Each time filmmakers explore the underside of Iranian life, they risk censorship by the Ministry of Islamic Guidance and Culture - or worse. Last November, Rakhshan Bani-Etemad and her crew were forced to flee the city of Rasht after they were physically threatened by thugs who objected to her latest film, "Under the Skin of the City," which deals with drug-trafficking and wife- beating among other issues.

But unlike more authoritarian states, this is a world where there are few rules governing what is and is not permitted and where filmmakers defy both the system and their own fears in their quest to create. Still, the necessity to adhere to "Islamic values" means that on one level, there remains an unreality about the portrayal of everyday life in Iranian films.

To comply with the strictures of the Islamic Republic, there can be, on screen, no public affection between men and women, no dancing, no female singers, no sensual music. Female characters must always keep their heads covered and hide the shape of their bodies. Husbands and wives are not allowed to touch, and parents cannot show physical affection to their children once a daughter is 9 and a son is 13. It is thought that such actions might inflame the passions of male viewers.

Yet in reality family life in Iran is extremely intimate. Even the most religious women unveil in private in the company of close male relatives and other women. Husbands and wives touch, and parents and children are affectionate with one another. While Iranians are aware of the distortions of "Islamic filmmaking," foreign viewers often are not.

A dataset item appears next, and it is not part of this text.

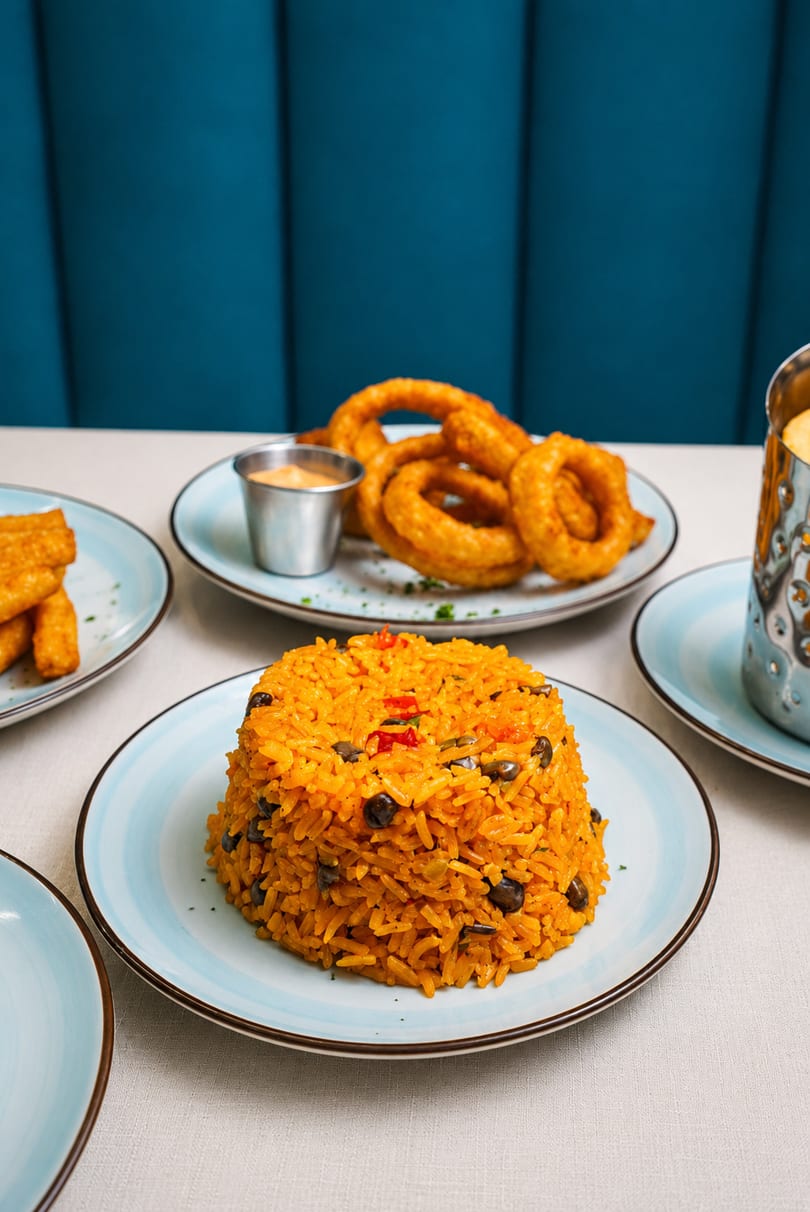 Plates of yellow rice with black beans, onion rings, and fried plantains on a white tablecloth.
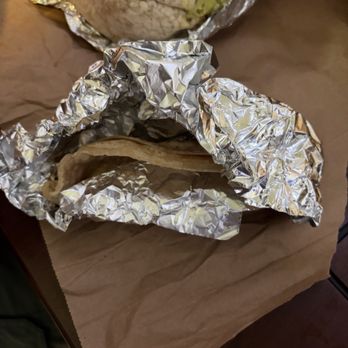 Chipotle Mexican Grill - The extra tortilla we asked them to use to help wrap the burrito. Yet, they just threw it in the bag. - Mexican Near Me - Lehigh Acres, Florida Chipotle Mexican Grill - The extra tortilla we asked them to use to help wrap the burrito. Yet, they just threw it in the bag. - Mexican Near Me - Lehigh Acres, Florida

Some directors, like Mr. Kiarostami, solve the problem by casting few women in important roles and having few scenes inside the home. Others have come up with creative ways to deal with the restrictions. In his 1996 film "Gabbeh," Mohsen Makhmalbaf avoided violating a ban on depicting a woman giving birth on the screen by donning a skirt and playing the role himself. Several filmmakers have begun to use actors who are close relatives, to allow them to show men and women touching.

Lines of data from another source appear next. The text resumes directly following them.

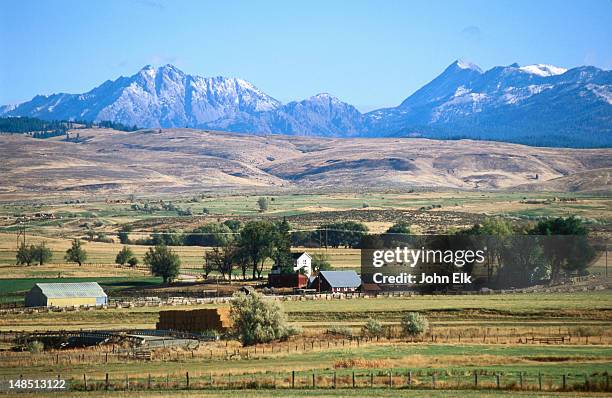 farm and wallowa mountains, powder river valley. - oregon stock pictures, royalty-free photos & images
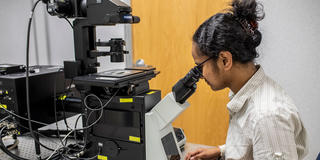 student looking into a microscope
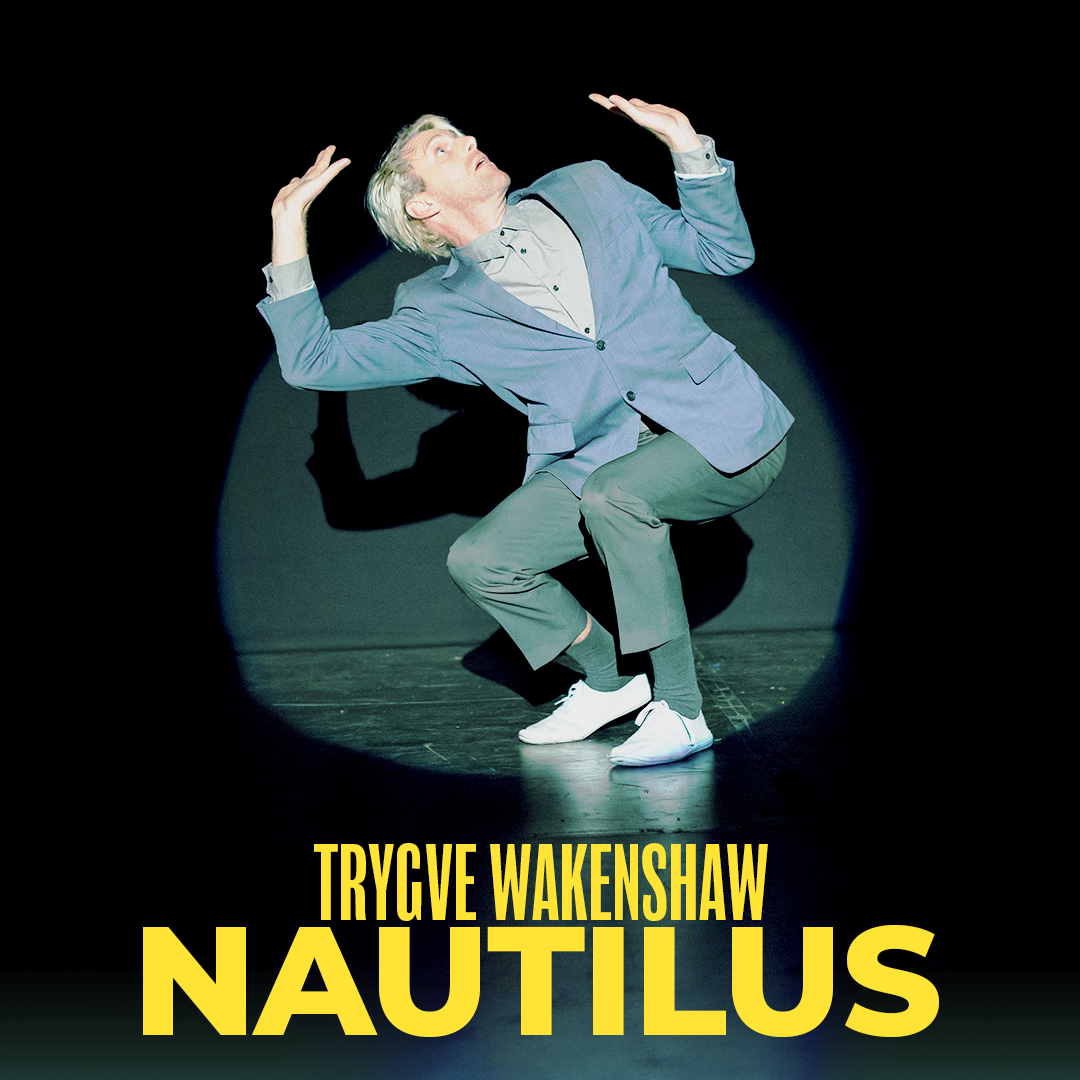 Mime Comedy from Trygve Wakenshaw's Nautilus Grey suited man trapped in a shrinking spotlight on stage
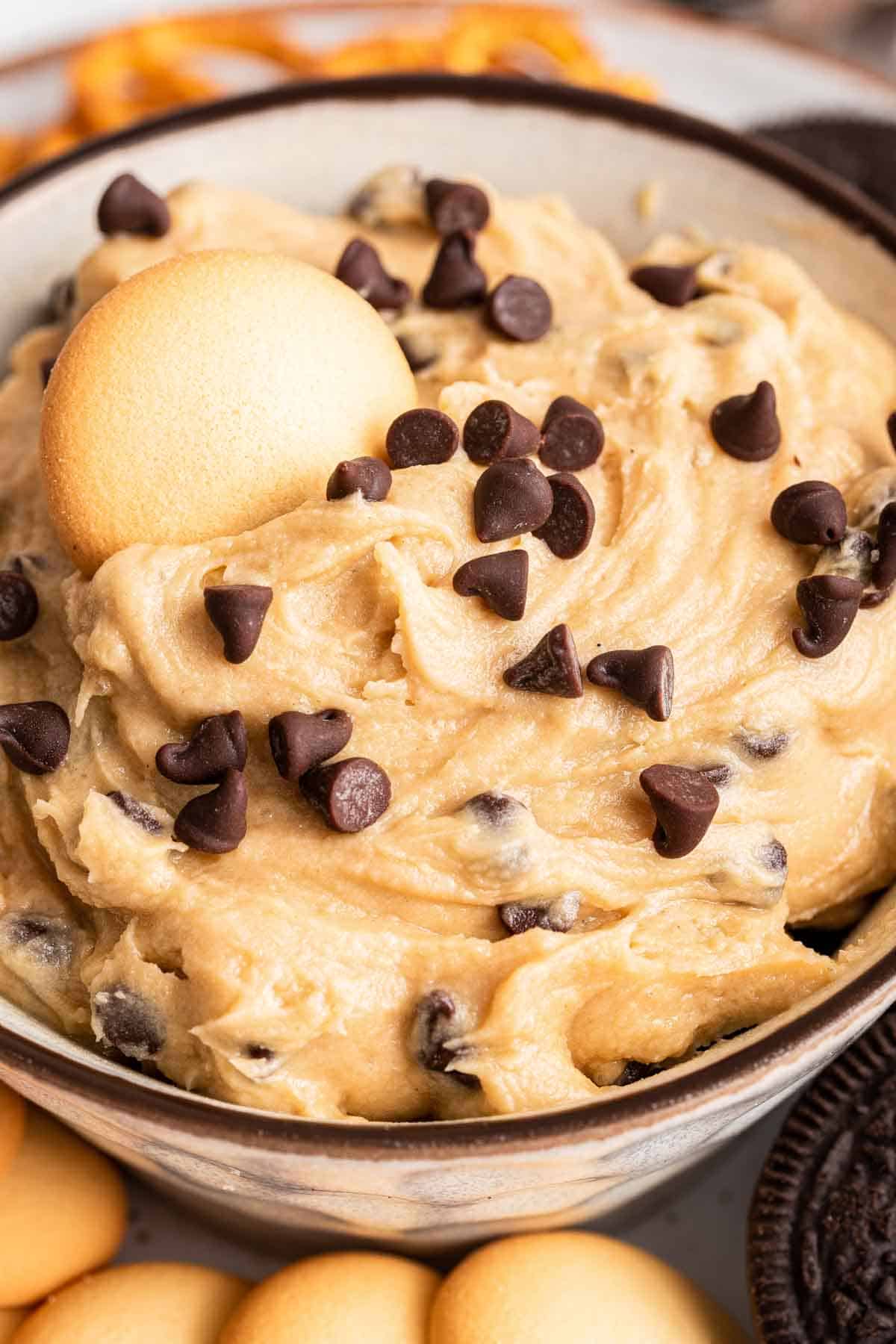 Macro shot of cookie dough dip in bowl with Nilla wafter on top.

"The cinema has lots of tricks, and we've had 22 years of the Islamic Republic to learn them," said Parviz Sabri, as he took a break last fall on the set of the most recent film he is directing, "Mani and Neda." "In my last film I was able to show a man and wife asleep in their beds, but I couldn't put them in their pajamas. I had to put them in street dress."

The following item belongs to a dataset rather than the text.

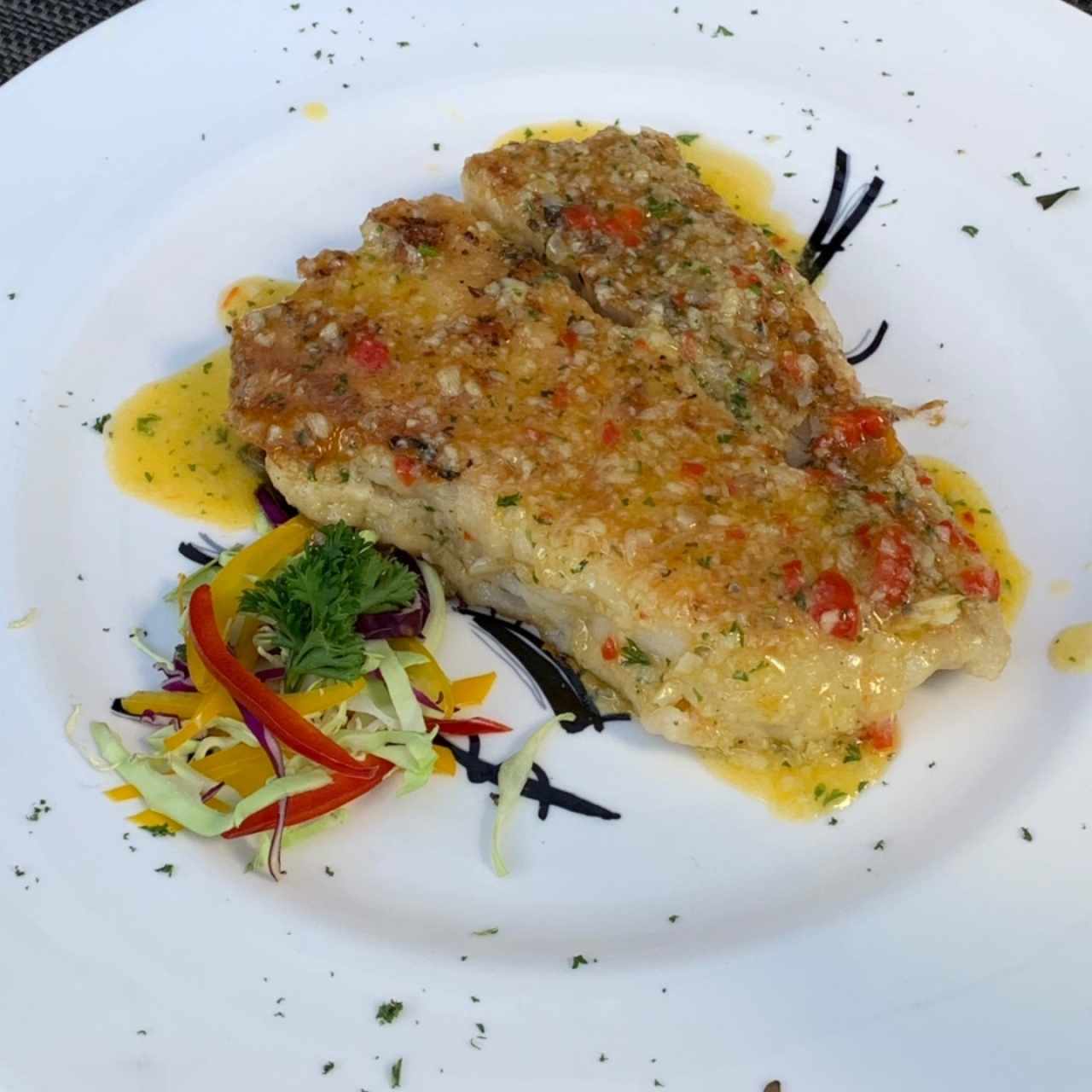 Pescados - Corvina al Ajillo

Mr. Sabri's assistant director, Shahin Babapour, said he used three questions to test for every scene: "Is there a scene that can be considered an insult to Islam? Is there a scene that is insulting to the country's folk culture? And are the women wearing too much makeup and showing too much hair?"

The compromises can be particularly frustrating for the actors. "I once played an aspiring singer in a film called `Help Me,' " said Mahaya Petrossian, a 30-year-old film star who earns enough money to live on her own in an apartment (unusual for single women in Iran) and drive a BMW. "The only problem was that all the scenes of me singing had to be cut."

In "Unforgiven," in which Ms. Petrossian played a young woman confronted with her dying father, "there is a scene in which I'm crying and begging him to forgive me and I couldn't touch him," Ms. Petrossian recalled. "I had to use my expressions and my voice instead. It dupes the audience because in real life a father and daughter would touch." In "Nasreddin Shah, the Movie Actor," a film about the 19th-century Iranian king, lavish period costumes solved the dress problem.

On another level, Iranian filmmakers are relentlessly testing the limits of what is permissible in a largely controlled cultural environment. The Ministry of Islamic Guidance and Culture, which provides considerable financing for Iranian films, can be complicitous in the guerrilla war. Sometimes when a film is banned inside Iran, it is screened at a film festival abroad, creating pressure on the censors to reverse themselves. (That happened with "Taste of Cherry" and Ms. Bani-Etemad's "The May Lady.") Sometimes a film is shown at a private screening once or twice to test the waters. Or a banned film might be shelved for a few months, then submitted to a more lenient censor.

"We Iranian filmmakers are like trapeze artists swinging back and forth without a net," said Mr. Mehrjui, a U.C.L.A.-educated filmmaker. "One of the great contradictions of our cinema in Iran is that we have all these films shot in bizarre places with exotic people that are usually done to hit the foreign market, and they don't do at all well here because they're absurd fantasies. But the government loves them because they are filled with innocent children, free of sin, that challenge nothing in society."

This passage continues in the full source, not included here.